Когда моя кожа сморщилась от воды и я наконец согрелась, я надела папин халат, пошла в гостиную, где на диване все еще лежало одеяло, зарылась в него, и позвонила Себастиану. Он должен был вернуться из ЮАР завтра вечером, но я хотела сделать это сейчас – до того, как я передумаю.
Мы проговорили минут двадцать. Сначала я его почти не слышала, но потом он вышел в другую комнату или на улицу, и я сказала то, что должна была сказать, и он ответил – спокойно и рассудительно. Я добавила, что мы можем встретиться и поговорить, когда он вернется, но он только сказал: «Что я могу на это сказать?» Но он не был расстроен, и, судя по всему, все понял. Мы попрощались, и я положила трубку. Через десять минут я начала сомневаться в том, что он действительно все понял и был в состоянии запомнить наш разговор, и для верности послала смс.
Он не ответил, и я повторила смс. Тот же текст. Я хотела, чтобы он увидел это сообщение, если вдруг забудет наш ночной разговор, потому что не знала, был он под кайфом или нет, а по голосу понять было трудно.
Я подождала полночи и позвонила Самиру. Может, он не поверил мне, когда я сказала, что брошу Себастиана. Может, потому он вел себя так странно. На первый звонок он ответил. Видимо, я его разбудила.
Я положила трубку. Думала, он увидит мой номер в пропущенных и перезвонит. Но он не перезвонил. Спустя восемь минут я снова позвонила. Автоответчик голосом Самира объявил, что он перезвонит, как только сможет. Как только сможет. Я заснула где-то через час с телефоном в руке. Самир не перезвонил. Себастиан тоже.
30
Порвав с Себастианом (и с Самиром) я не делала ничего из того, что обычно в таких случаях делают девушки. Я не смотрела грустные фильмы, не ела мороженое прямо из круглой картонной коробки, не слушала песни о том, какие все парни подлецы. Но я простудилась. Два дня я заставляла себя ходить в школу, но в конце последнего дня перед началом каникул поняла, что у меня высокая температура.

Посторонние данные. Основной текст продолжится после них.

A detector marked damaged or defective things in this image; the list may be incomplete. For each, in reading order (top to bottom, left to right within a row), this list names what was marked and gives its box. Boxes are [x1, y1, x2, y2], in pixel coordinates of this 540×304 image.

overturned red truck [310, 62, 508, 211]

На следующий день мама дала мне двойную дозу «Ипрена», подушку и одеяло для машины. Большую часть поездки я спала, просыпаясь только от боли в спине, затылке, шее или ногах.

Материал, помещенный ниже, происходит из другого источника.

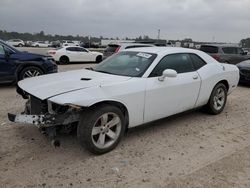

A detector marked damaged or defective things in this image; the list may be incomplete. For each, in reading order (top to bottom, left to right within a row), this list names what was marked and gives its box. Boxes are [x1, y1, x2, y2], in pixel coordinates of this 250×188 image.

damaged front bumper [8, 111, 80, 128]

Я вся вспотела, Лина смотрела на меня своими голубыми глазами, озабоченно сморщив лобик. Папа разбудил меня, когда мы остановились перекусить, и мне пришлось идти с ними в кафе. В придорожной закусочной подавали сосиски с кетчупом в пакетиках и подгорелую картошку-фри. Я бы предпочла остаться в машине.

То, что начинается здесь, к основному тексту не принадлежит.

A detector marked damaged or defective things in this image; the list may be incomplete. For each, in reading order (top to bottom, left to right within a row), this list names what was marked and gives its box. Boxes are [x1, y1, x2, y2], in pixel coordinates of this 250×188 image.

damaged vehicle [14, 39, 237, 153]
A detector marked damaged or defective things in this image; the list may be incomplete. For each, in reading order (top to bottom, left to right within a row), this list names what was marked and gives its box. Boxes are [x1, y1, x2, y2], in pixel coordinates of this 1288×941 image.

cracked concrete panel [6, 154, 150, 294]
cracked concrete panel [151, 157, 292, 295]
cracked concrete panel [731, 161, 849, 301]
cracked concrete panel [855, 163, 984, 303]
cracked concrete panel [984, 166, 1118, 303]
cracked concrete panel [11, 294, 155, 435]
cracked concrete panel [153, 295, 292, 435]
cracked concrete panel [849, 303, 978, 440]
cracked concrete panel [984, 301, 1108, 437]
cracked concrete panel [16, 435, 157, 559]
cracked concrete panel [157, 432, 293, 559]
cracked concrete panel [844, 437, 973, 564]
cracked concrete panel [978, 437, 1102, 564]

– Холодно, – констатировал папа.
– Тебе нужно поесть, – сказала мама.
Мы приехали к дедушке около семи вечера. Дорога к дому была расчищена от снега. Летом я обычно выгуливаю на ней дедушкиных собак. В трех километрах от дедушкиного дома есть киоск с хот-догами и супермаркет. Когда я была маленькой, бабушка хотела, чтобы я играла с соседскими детьми, но я отказывалась, потому что никого из них не знала. Вместо этого я ходила к киоску и обратно. Я покупала газеты для дедушки, а потом возвращалась за мороженым для себя. Вперед и назад. Эти хождения туда-сюда доводили собак до изнеможения. Дорожка была посыпана гравием, сквозь который пробивалась трава. Во время дождя на ней образовывались глубокие лужи с разноцветными бензиновыми пятнами на поверхности, куда приводнялись мухи. Теперь же с обеих сторон дороги возвышались двухметровые сугробы. Нам предстояло встречать второе Рождество без бабушки.
На крыльце теперь только дедушкиного дома стояла елка без украшений и две зажженные свечи.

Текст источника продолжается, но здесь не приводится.